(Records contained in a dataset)
☆ ☆ ☆ ☆ ☆ ☆ ☆

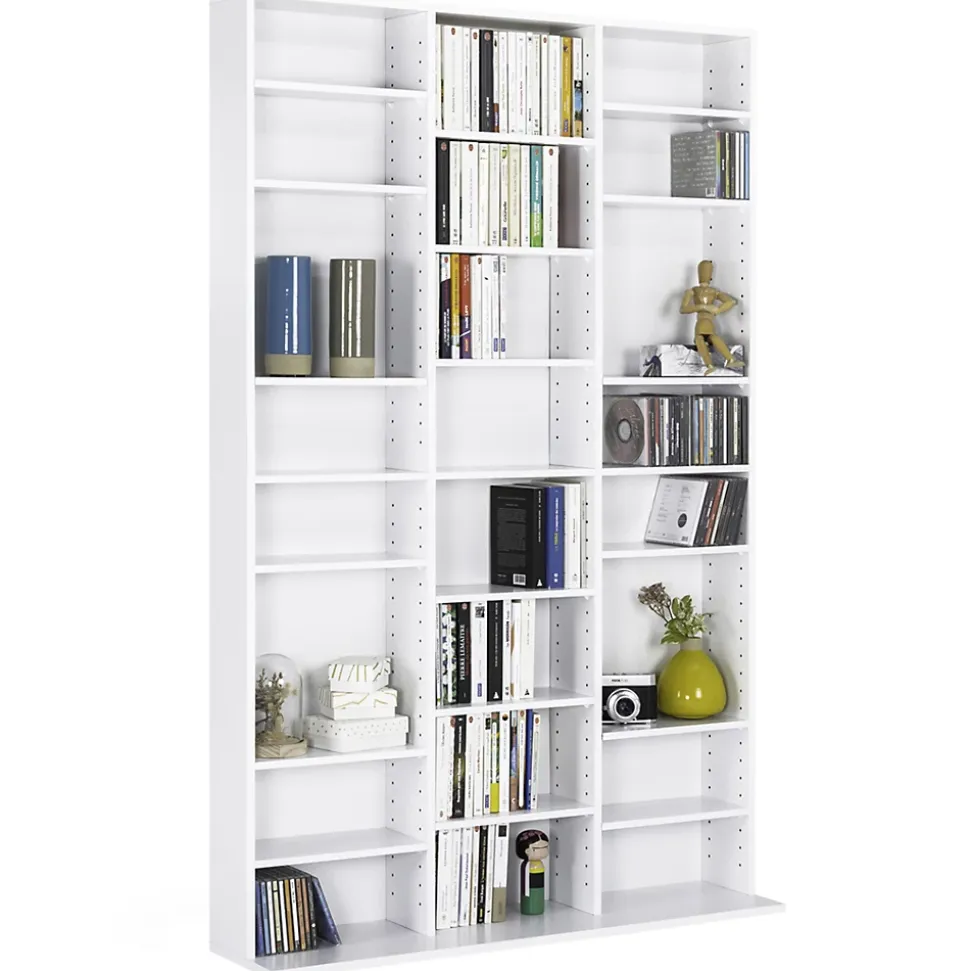 Bibliothèque étagère CD CEYLIA 30 cases avec étagères modulables bois blanc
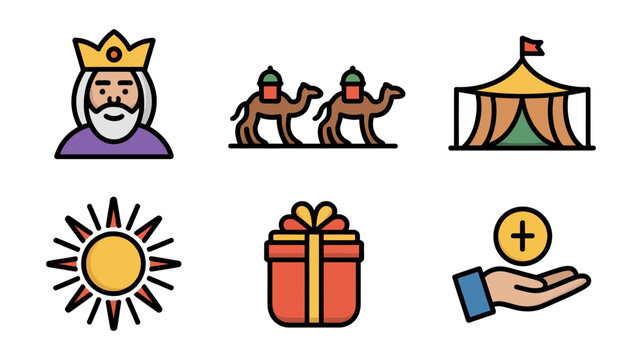 Vector art of three kings day vector icon set wise men, camels, tent, sun, gift, hand and coin epiphany day concept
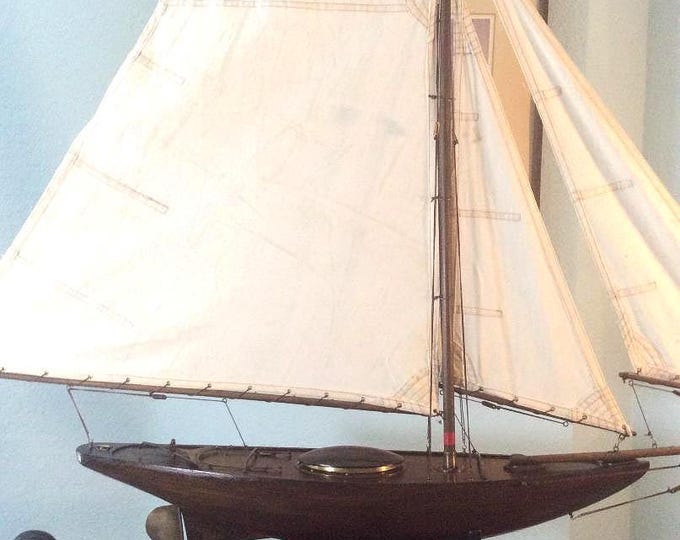 Vintage, Antique Bermuda Schooner, Sailboat, Pond boat, Provincetown, Mass. c.a. !990's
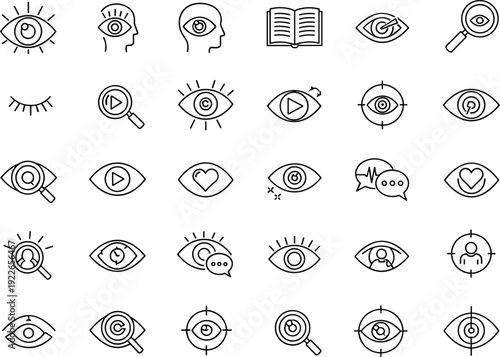 Black and white line art vector icon collection representing human eye vision, optical focus, target observation, internet search, and media watching isolated on white.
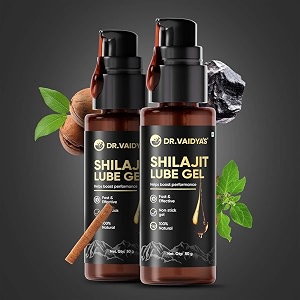 dr vaidyas shilajit lube gel  first ever shilajit infused lube gel  enhances performance amp stamina  mess free  100 pure himalayan shilajit jaiphal amp cinnamon oil ashwagandha  50g pack of 2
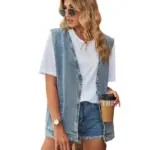 Streetwear Denim Vest for Women with Pockets, Sleeveless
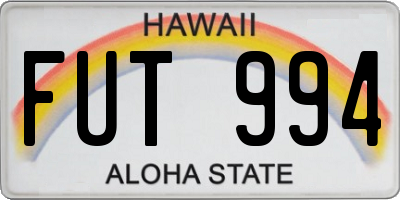 HI license plate FUT994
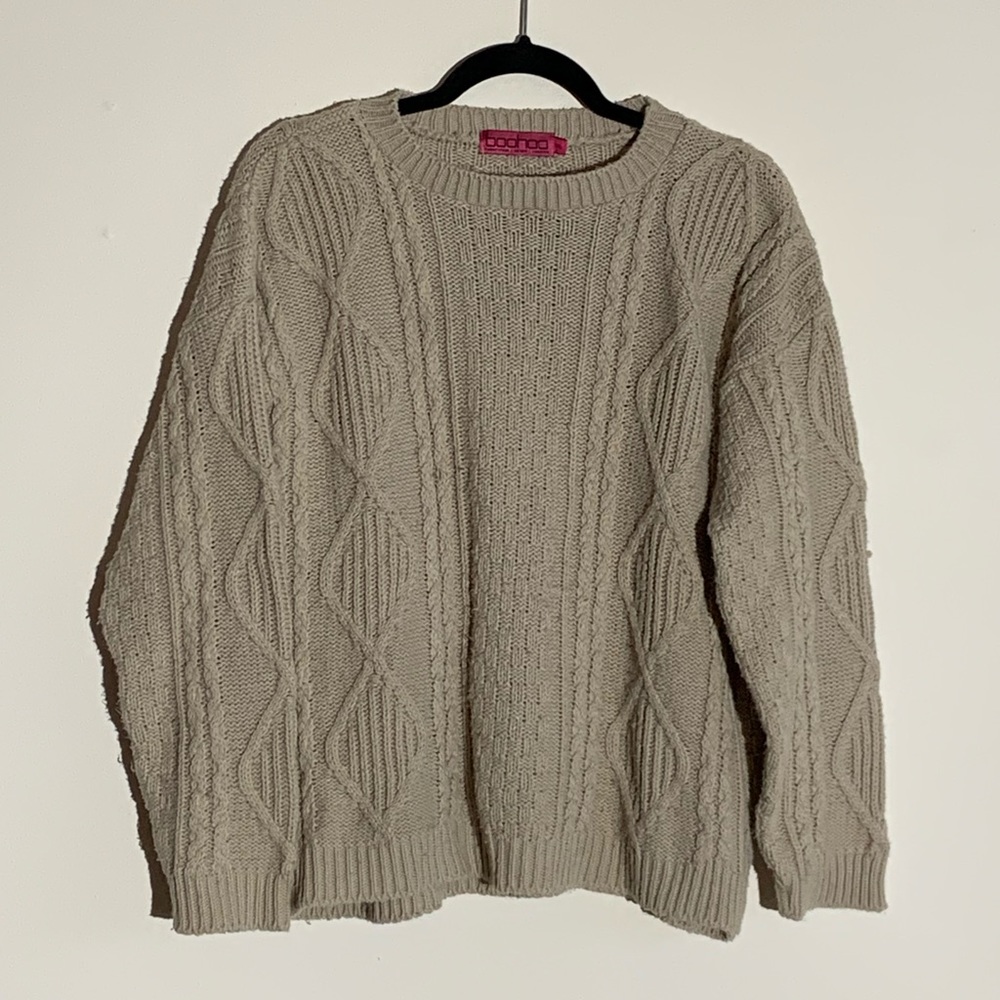 boohoo | Cable Knit Sweater Tan M/L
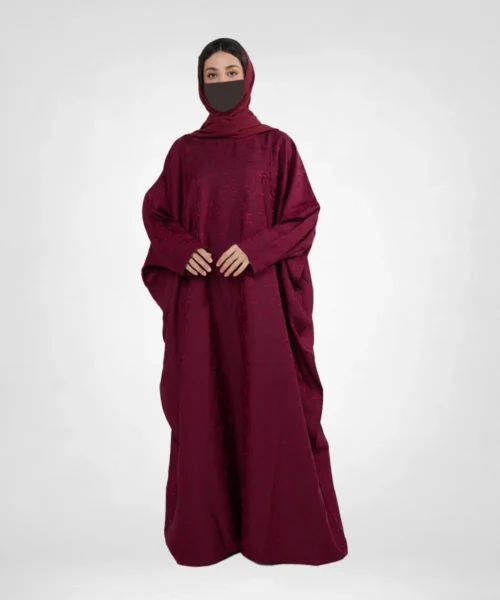 Luxé Jacquard Butterfly Abaya - Ruby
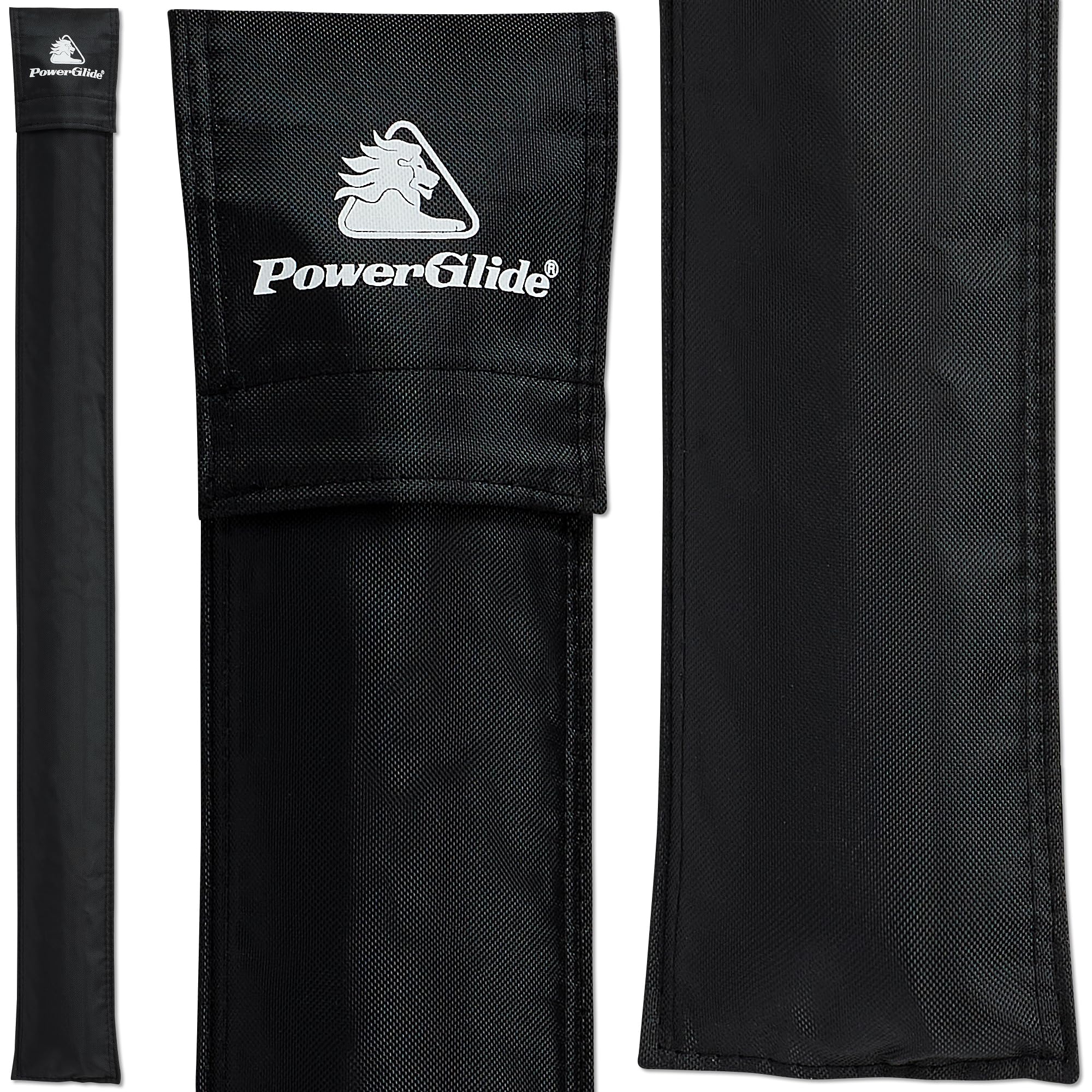 POWERGLIDE Snooker Pool or Billiard Protective Soft Cue Sleeve | Ultra Slim | Lightweight | Black | Hook & Loop Closure | Protects and Holds Full Size 2-Piece Cue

☆ ☆ ☆ ☆ ☆ ☆ ☆

What the task requires: Reproduce the span beginning at the line with "Vector art of" and ending at the last line of the entries above, inclusive, exactly as it stands. Exclude the pictures.

Response for this exercise:
 Vector art of three kings day vector icon set wise men, camels, tent, sun, gift, hand and coin epiphany day concept
 Vintage, Antique Bermuda Schooner, Sailboat, Pond boat, Provincetown, Mass. c.a. !990's
 Black and white line art vector icon collection representing human eye vision, optical focus, target observation, internet search, and media watching isolated on white.
 dr vaidyas shilajit lube gel  first ever shilajit infused lube gel  enhances performance amp stamina  mess free  100 pure himalayan shilajit jaiphal amp cinnamon oil ashwagandha  50g pack of 2
 Streetwear Denim Vest for Women with Pockets, Sleeveless
 HI license plate FUT994
 boohoo | Cable Knit Sweater Tan M/L
 Luxé Jacquard Butterfly Abaya - Ruby
 POWERGLIDE Snooker Pool or Billiard Protective Soft Cue Sleeve | Ultra Slim | Lightweight | Black | Hook & Loop Closure | Protects and Holds Full Size 2-Piece Cue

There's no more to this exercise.